Now, I’ll admit – I really was in a bad mood that night. Not consciously. Not like I thought to myself at any time before the event happened, “Wow – I am in a bad mood.” Not like that. I was still in a - putting one foot in front of the other – get up – take a shower – put on make-up – go to work – deal with the fact that the electricity is out in half my house due to a faulty breaker – try not to be bitter and just get through the day – kind of way. Not that what happened last weekend alone is what devastated me; it was the culmination of a shitload of bad dates and disappointments. I was at the breaking point.
See – I perceive myself to be a relatively calm person for the most part. I remain calm, cool and collected amongst the extreme stress and chaos that goes on in my job, in my personal life, when up against people freaking out all around me.

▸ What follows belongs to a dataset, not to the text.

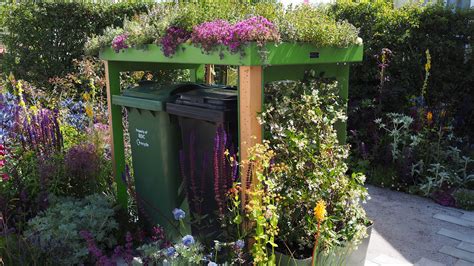 Wheelie bin storage ideas: 12 ways to hide your bins in style ...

But the truth is – while I sleep – all that stress gets dealt with. I grind my teeth at night – BAD. If it wasn’t for the mouth guard that I sleep with at night that prevents my jaws from actually touching, my teeth would be worn down to stubs and I would have chronic headaches and muscle cramps in my jaw. I guess maybe I’m really not that calm after all.
So I went to the single’s group hoping that the Word of God would somehow soothe my achy soul and set my mind and heart at peace. Well, no such luck.
After some discussion and an opening prayer it was announced that we were all going to play a game.
Not just any game – but Battle of the Sexes!
So here I am – trying with all my heart not to cave in to stereo-typing the opposite sex by my bad experiences but now I’m required to play a game that is going to emphasize the stereo-type.
There was no way I was going to play that game.
There was no delicate way to get out of it either. How DO I always seem to get into these predicaments?
When I first began to protest under my breath – the guy sitting next to me with a big grin on his face said, “Now – be nice”. But niceness had nothing to do with it and I’ve never been one of those “go along to get along” kinds of people. I was a little too vulnerable about that particular subject at that moment to sit and play nice and hope my brokenness is not exposed. So I did the only thing I could do. I said, “I’m not going to play that game.”
I’d just committed the unforgivable sin.
The girl who was leading the meeting said, “But we need your input – your expertise” I wanted to laugh out loud. My expertise?! I have 100% fail rate on my relationships with men. One Hundred Percent FAIL. I can tell you now – I know nothing about men and what I do know – I am struggling hard not to believe. Oh no – no-one needs that kind of expertise right now.
I had to leave. I had to get out of there. I couldn’t stay with all the disappointed looks and guilt-tripping going on. I said, “I have to go.” One of the guys asked me where I was going and I said home.
Then I was outside and the hardest part was over. The blast of cold winter air hit me and helped to clear my head. I got in my van and drove home and it occurred to me that I never had to go back.
Maybe I need less of an emphasis on singles and the differences between the sexes and the “battle” as it were – and more on how there is neither male nor female but we are all ONE in Christ Jesus. (Gal 3:28) I really could use some “unity of the faith” right about now.